Ia berharap ada program-program yang berbeda yang diberikan pemerintah, sehingga dapat merubah pola pikir masyarakat, yang selama ini masih banyak bertegantungan dengan hasil hutan. Selama ini program-program yang dibuat tidak jarang membuat masyarakat yang menjadi korban, karena aturan-aturan yang dibuat tidak memberikan solusi bagi masyarakat.
“Misalnya dengan opsi, masyarakat yang berada di kawasan taman nasional dikeluarkan di pemukimannya, digantikan dengan pemukiman di luar Taman Nasional. Kalau persawahan di TNGP, mereka diberikan sawah di tempat lain. Harus ada ekonomi yang bersifat tunai, atau menanggung biaya sekolah anaknya, atau lapangan pekerjaan yang disediakan. Itu akan menghindari kepentingan pemerintah dan kepentingan masyarakat,” jelasnya.
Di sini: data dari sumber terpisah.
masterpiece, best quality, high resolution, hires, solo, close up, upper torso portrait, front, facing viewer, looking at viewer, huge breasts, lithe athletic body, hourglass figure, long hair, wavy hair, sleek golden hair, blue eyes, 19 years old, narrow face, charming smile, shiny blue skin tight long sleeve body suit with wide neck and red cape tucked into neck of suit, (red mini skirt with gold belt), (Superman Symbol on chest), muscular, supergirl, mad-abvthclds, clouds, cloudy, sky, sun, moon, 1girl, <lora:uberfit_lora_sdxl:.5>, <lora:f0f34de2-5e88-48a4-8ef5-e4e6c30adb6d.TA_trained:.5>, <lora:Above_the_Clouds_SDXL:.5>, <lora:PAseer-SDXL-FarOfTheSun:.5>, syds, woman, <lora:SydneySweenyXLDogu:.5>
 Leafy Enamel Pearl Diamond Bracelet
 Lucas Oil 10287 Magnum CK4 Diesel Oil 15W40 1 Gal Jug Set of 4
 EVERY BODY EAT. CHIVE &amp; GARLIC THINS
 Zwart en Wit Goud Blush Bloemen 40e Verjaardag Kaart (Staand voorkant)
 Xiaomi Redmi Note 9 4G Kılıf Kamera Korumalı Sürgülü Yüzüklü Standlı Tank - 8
Ia pun mengharapkan ada batas-batas jelas terkait TNGP, karena sampai saat ini memang belum ada batas-batas fisik yang dapat dilihat secara kasat mata, untuk mengetahui sebuah kawasan hutan yang merupakan kawasan taman nasional.
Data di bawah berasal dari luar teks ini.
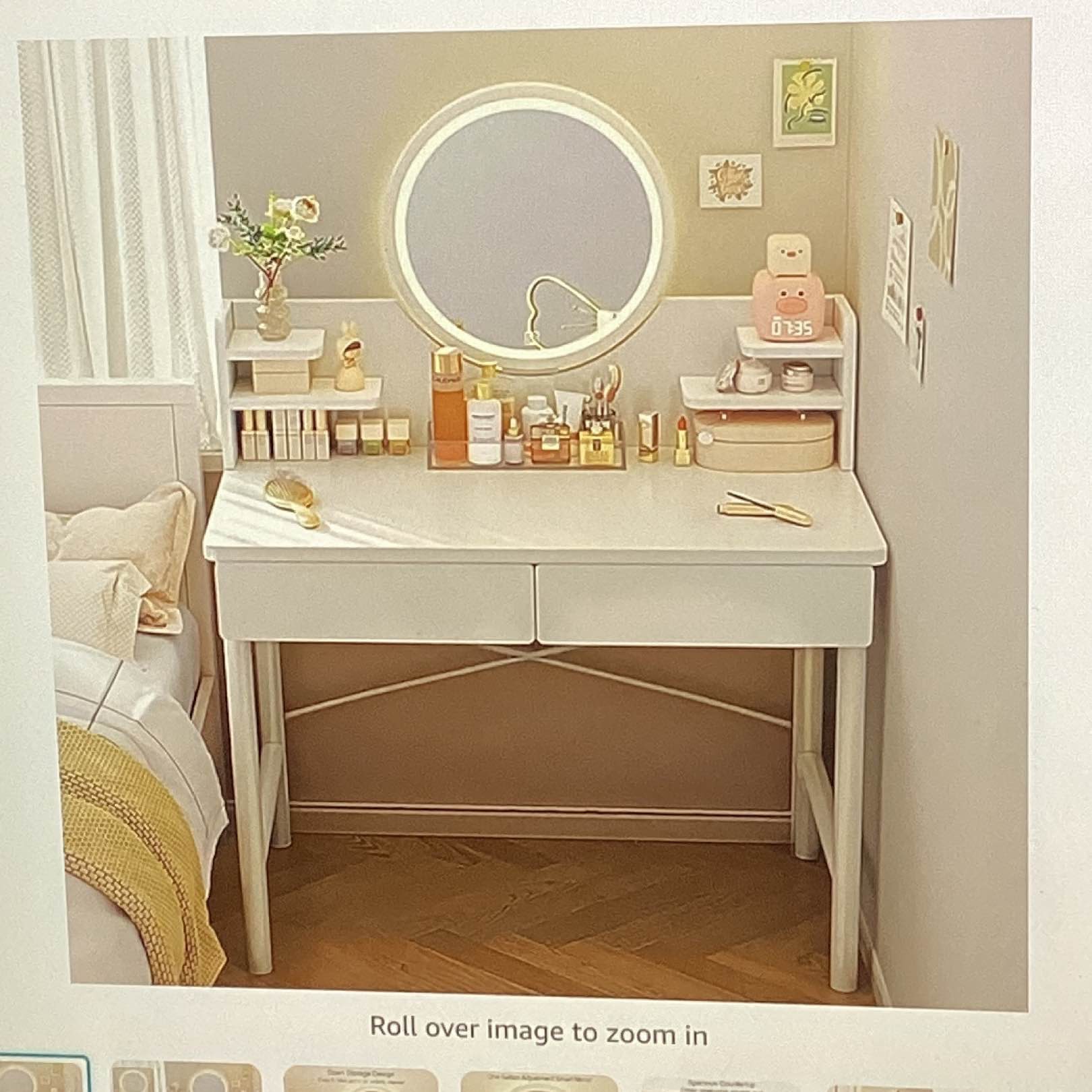 White vanity desk with mirror and lights, three lighting mode modern dressing, table with drawers, makeup vanity table for bedroom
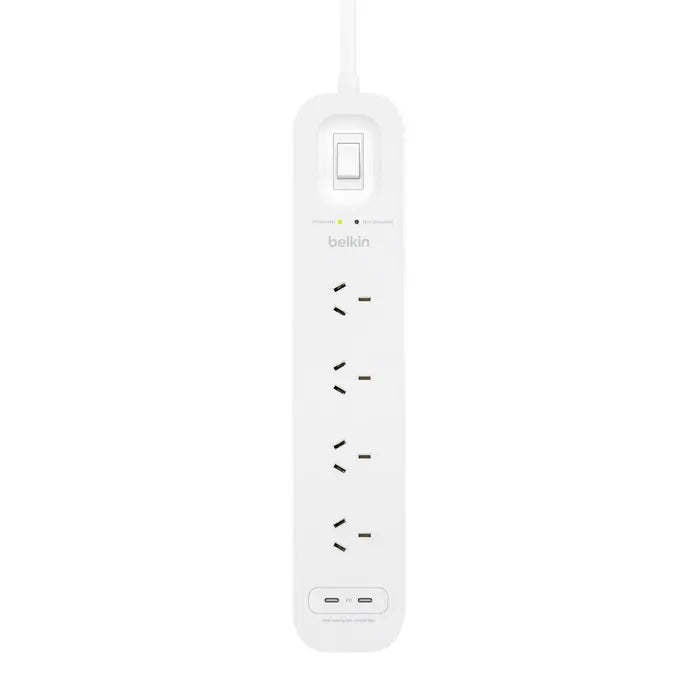 Belkin SurgePlus 4-Outlet Surge Protector With Dual USB-C Port(30W) -White(SRB005AU2M),Heavy Duty... - Image 3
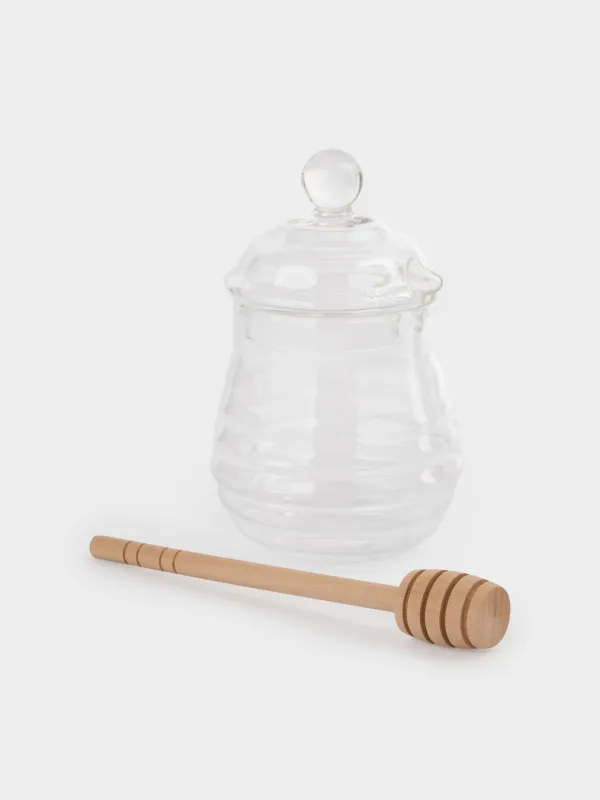 Honey jar, 270 ml, with spoon, Used glass / wood, Honey, image-3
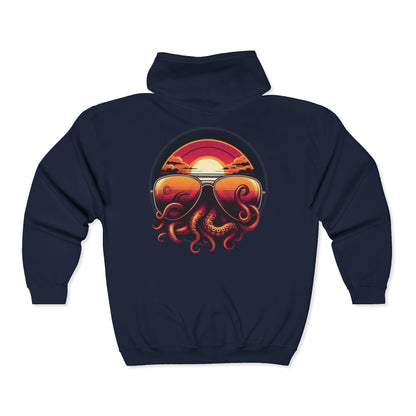 Aviator Sunglasses Sunset Tentacles Unisex Zip-Up Hoodie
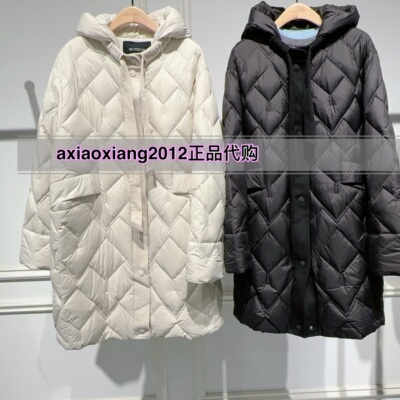 真我永恒2025冬装新款中长款菱形块拼接羽绒服 2543A72088吊2599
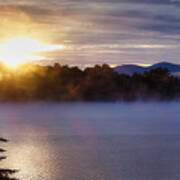 Sunrise Over Maine Lake Art Print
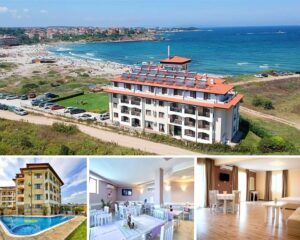 На ПЪРВА линия в Царево! Нощувка на човек на база All inclusive Light + басейн от хотел Томас Резиденс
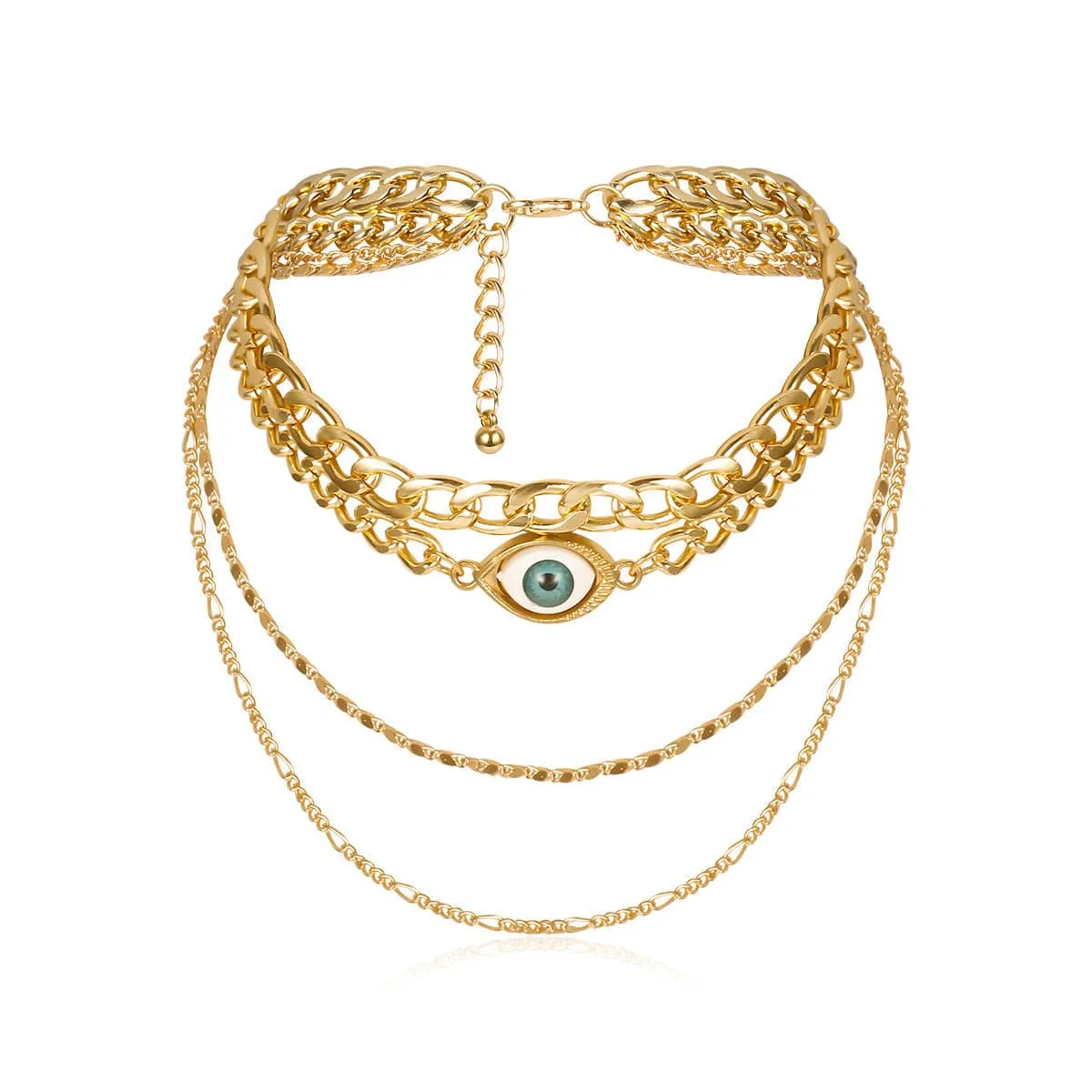 18K Gold-Plated Curb & Figaro Chain Layered Necklace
Konsultan RPJP 2015-2025, Haryanto R Putro sependapat dengan beberapa masukan yang diberikan dari berbagai stakeholder. Menurutnya memang menjadi penting penetapan batas-batas wilayah taman nasional, sehingga baik bagi desa, maupun pihak Balai TNGP.
“Batas-batas administrasi ini harus jelas, batas Taman Nasional ini harus jelas, sehingga kita tahu, sekian persen wilayah desa yang masuk diwilayah Taman Nasional, lalu kalau itu masuk taman nasional apa program pembangunan yang bisa kita sepakati dengan pengelola taman nasional. Supaya bisa mengambil win-win solusi antara masyarakat dan TNGP. Ini yang menjadi harapan disemua titik. Ini akan menjadi penting, untuk menentukan kompensasi,” terang Haryanto R Putro.
Ganti Rugi
Terkait ganti rugi kepada masayarakat yang bertempat tinggal di kawasan TNGP, menurutnya bisa saja dilakukan pemerintah melalui program yang direncanakan pemerintah daerah dengan system ganti rugi. Pembiayaannya melalui APBD atau APBN.
“Kalau untuk ganti rugi, kompensasi itu bisa di bikin programnya. Itu pernah terjadi di beberapa taman nasional lain yang ada yang bikin program seperti itu, masyarakat diberi kompensasi masyarakat keluar. Untuk TNGP, mestinya bisa tetapi harus dikembangkan bersama-sama pemerintah daerah. Misalkan bikin program transmigrasi lokal, disediakan dananya, dananya ini dibiayai mungkin dengan sebagian APBD, atau sebagian dari APBN, sebagian mungkin bisa dibiayai dari pihak ketiga, misalnya ada donatur yang mau bantu, ya bisa juga,” tambahnya.
Kepala Distric Officer Gemawan KKU, Agus Budiman juga menyesalkan karena luasan TNGP bertambah kurang sosialisasi. Dibuktikan Kades Harapan Mulia, Kades Pangkalan Buton, Kades Sedahan Jaya, dan Kades Riam Berasap Jaya mempertanyakan sosialisasi. Apalagi seluruh desa di KKU wajib menyelesaikan peta administrasi desanya sebelum tahun 2015 berakhir, namun sosialisasi perluasan TNGP dilakukannya tidak jelas.
“Mengenai SK tersebut sudah saya coba minta dalam forum RPJP TNGP tahun 2015-2025 itu namun tidak diberikan. Mereka beralasan belum menerima salinan di mana masih di BPKH, beberapa kades di antaranya Kades Harapan Mulya, Riam Berasap Jaya, pangkalan Buton dan Sedahan Jaya juga mempertanyakan tidak adanya sosialisasi sebelumnya. Dan mereka juga mempertanyakan batas wilayah desa dengan TNGP ini terkait dengan perencanaan tata ruang desa,” tutur Agus Budiman yang juga hadir di RPJP TNGP tahun 2015-2025.